In het kader van het plan Monnet uit 1947 kreeg de BA middelen ter beschikking om over te gaan tot de aanschaf van vier autorails, twee aanhangrijtuigen en diesellocomotieven om de stoomtractie te kunnen beëindigen. Na de aflevering van de door de Société centrale de Chemins de Fer et d’entreprise (SCF) -Verney in Le Mans gebouwde autorails X 221-224 in 1950/1951 werd de stoomtractie in de reizigersdienst beëindigd. Een jaar later kwamen er nog vier Billard autorails X 241-244 afkomstig van de CFD (Chemins de Fer Départementaux). In 1950 en 1951 kwamen de eerste twee diesellocomotieven T 11 en T 12, in 1953 bouwden de werkplaatsen in Romorantin er nog twee (T 13 en T14) op basis van oude stoomlocomotieven.
Dan breekt er vanaf 1953 een periode van schijnbare rust aan. Maar wel werd er verder aan het net “geknaagd”. Het gedeelte Buzançais-Le Blanc werd in 1953 voor reizigers gesloten. Toch maakten het reizigers- en het goederenvervoer (hout, kunstmest en graan) een gestage groei door. In 1956 werd ook in het goederenvervoer de stoomtractie beëindigd.
Nieuw materieel
Alhoewel 1967 een rampjaar was voor de meeste Franse nevenlijnen, had dit voor de BA een aantal relatief positieve gevolgen. Er kwamen twee Verney autorails X 211-212 – identiek aan die uit 1950-1951 – afkomstig van de PO-Corrèze en zes De Dion-Bouton autorails X 201-206 op draaistellen met een grote capaciteit afkomstig van het Bretonse netwerk bij. Vier van de laatste werden effectief gebruikt en de andere twee dienden als pluk-autorails.

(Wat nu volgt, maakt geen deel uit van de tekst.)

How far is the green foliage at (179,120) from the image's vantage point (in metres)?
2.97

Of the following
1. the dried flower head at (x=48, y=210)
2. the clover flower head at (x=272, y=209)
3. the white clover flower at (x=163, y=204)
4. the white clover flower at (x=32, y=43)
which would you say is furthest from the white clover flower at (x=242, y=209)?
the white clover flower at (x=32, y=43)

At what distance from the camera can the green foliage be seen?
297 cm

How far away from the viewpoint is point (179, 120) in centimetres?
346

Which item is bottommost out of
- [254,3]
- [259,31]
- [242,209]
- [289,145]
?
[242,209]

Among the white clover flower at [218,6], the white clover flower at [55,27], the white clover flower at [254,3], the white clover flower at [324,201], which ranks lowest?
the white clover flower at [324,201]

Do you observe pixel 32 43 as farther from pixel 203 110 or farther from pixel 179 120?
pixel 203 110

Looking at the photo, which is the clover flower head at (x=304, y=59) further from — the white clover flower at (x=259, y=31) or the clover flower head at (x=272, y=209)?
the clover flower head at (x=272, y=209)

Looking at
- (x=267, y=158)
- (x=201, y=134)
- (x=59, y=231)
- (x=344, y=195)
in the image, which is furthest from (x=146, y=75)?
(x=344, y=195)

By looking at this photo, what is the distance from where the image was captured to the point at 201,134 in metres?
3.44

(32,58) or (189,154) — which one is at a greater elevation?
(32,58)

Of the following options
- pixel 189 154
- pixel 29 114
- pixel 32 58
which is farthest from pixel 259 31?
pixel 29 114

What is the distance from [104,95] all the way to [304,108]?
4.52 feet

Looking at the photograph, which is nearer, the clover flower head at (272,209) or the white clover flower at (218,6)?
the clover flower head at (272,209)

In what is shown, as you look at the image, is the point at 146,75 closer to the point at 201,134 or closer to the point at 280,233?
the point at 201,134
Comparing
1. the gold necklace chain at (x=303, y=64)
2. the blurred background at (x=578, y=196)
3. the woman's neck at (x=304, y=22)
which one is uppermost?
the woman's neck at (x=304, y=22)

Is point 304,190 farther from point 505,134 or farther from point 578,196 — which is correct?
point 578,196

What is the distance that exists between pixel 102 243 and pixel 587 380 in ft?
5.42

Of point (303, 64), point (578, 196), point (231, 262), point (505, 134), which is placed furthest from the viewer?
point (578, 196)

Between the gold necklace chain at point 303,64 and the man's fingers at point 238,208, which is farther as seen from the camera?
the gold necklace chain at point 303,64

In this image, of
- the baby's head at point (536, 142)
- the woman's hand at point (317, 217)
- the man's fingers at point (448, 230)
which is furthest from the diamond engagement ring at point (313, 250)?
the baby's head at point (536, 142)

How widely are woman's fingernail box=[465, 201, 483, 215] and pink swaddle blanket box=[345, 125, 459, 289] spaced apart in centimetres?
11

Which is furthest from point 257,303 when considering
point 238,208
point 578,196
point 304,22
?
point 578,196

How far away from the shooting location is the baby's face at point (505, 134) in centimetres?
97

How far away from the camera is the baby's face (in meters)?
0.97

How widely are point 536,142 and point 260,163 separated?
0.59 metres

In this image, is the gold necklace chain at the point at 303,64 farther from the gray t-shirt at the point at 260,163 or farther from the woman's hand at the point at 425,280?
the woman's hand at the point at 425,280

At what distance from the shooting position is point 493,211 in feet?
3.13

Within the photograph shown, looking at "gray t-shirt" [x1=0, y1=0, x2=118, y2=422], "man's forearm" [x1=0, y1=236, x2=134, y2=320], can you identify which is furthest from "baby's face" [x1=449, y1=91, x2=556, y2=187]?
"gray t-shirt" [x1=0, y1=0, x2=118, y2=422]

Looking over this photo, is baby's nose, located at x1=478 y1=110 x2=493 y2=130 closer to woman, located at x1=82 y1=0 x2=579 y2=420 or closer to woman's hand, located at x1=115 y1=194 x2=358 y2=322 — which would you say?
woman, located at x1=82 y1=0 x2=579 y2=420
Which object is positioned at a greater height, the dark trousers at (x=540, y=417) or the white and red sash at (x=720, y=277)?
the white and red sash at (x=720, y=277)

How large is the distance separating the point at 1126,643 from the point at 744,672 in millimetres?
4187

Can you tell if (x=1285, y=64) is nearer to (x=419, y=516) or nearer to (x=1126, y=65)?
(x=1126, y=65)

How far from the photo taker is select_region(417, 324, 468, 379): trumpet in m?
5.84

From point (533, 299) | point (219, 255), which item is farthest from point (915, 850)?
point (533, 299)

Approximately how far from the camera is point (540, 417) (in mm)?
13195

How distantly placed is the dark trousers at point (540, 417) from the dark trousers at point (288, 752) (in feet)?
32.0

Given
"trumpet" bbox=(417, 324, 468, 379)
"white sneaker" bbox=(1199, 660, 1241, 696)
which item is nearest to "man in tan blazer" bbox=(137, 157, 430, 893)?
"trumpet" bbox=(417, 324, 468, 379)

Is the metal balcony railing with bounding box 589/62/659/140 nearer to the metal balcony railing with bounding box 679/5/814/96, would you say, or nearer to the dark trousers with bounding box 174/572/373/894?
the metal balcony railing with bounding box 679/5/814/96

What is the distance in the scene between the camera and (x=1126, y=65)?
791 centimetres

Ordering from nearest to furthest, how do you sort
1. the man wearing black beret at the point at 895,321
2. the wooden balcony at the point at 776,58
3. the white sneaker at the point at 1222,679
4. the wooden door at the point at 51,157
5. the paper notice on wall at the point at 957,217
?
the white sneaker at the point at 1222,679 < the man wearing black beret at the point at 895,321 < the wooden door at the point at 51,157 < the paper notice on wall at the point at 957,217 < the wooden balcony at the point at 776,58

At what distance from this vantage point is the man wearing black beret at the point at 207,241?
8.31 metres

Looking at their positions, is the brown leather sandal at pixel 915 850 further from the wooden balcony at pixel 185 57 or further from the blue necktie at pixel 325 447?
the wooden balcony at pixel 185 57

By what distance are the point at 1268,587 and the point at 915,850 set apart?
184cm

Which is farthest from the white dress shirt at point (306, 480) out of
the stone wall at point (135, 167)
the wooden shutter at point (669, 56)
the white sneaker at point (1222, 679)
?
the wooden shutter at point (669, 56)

Maar vanaf 1974 vertoonde het aantal reizigers op het gedeelte Luçay-leMâle – Buzançais een zodanige sterke daling dat sommige haltes gemiddeld nog één reiziger per twee dagen zagen. Toch duurde het nog tot 26 september 1980 voordat er aan het reizigersvervoer op dit gedeelte een eind kwam. Ondertussen vertoonde vanaf 1974 ook het goederenvervoer bij de BA een dramatische daling die er toe leidde dat dit in 1988 beëindigd werd. Alleen het graanvervoer van de Société Villemont in Argy naar Buzançais bleef gehandhaafd omdat het vervoer met vrachtwagens grote schade aan het wegennet zou toebrengen. Daarbij is nog overwogen om dat vervoer te laten plaatsvinden met rolbokken, maar uiteindelijk is dit lijngedeelte, dat aansluit op de normaalsporige (goederen)lijn naar Châteauroux, in 1991 omgebouwd naar normaalspoor.
Een andere positieve ontwikkeling was een overeenkomst tussen de SNCF, de BA, de twee betrokken departementen en de Région in 1980 op grond waarvan twee nieuwe autorails werden gekocht en vier Verney-aurorails werden gemoderniseerd. Deze twee autorails X241 en X242 werden in 1983 door SOCOFER (de opvolger van Billard) en de CFD (kast en draaistellen), de Société Surgérienne Mécanique (opvolger van Poyaud – motor) en Voith (versnellingsbak) gebouwd. Zij werden op 10 maart 1984 gedoopt met de namen Romorantin-Lanthenay (X241) en Valençay (X242). Daardoor beschikte de BA op 1 januari 1985 over twee nieuwe autorails, vier gereconstrueerde Verney-autorails, een Verney-autorail in oorspronkelijke staat en een autorail van De Dion-Bouton.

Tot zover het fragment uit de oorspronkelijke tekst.